=== Material provided ===

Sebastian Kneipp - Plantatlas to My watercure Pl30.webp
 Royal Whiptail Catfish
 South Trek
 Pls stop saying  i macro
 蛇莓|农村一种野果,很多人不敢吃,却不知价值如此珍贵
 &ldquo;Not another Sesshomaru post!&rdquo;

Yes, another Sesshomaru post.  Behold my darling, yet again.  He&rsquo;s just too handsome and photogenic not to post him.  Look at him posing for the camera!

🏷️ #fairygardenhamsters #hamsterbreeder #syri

===

(Task brief): Here you need to write out the listing above exactly, from its first line to its last.

(Task response):
Sebastian Kneipp - Plantatlas to My watercure Pl30.webp
 Royal Whiptail Catfish
 South Trek
 Pls stop saying  i macro
 蛇莓|农村一种野果,很多人不敢吃,却不知价值如此珍贵
 &ldquo;Not another Sesshomaru post!&rdquo;

Yes, another Sesshomaru post.  Behold my darling, yet again.  He&rsquo;s just too handsome and photogenic not to post him.  Look at him posing for the camera!

🏷️ #fairygardenhamsters #hamsterbreeder #syri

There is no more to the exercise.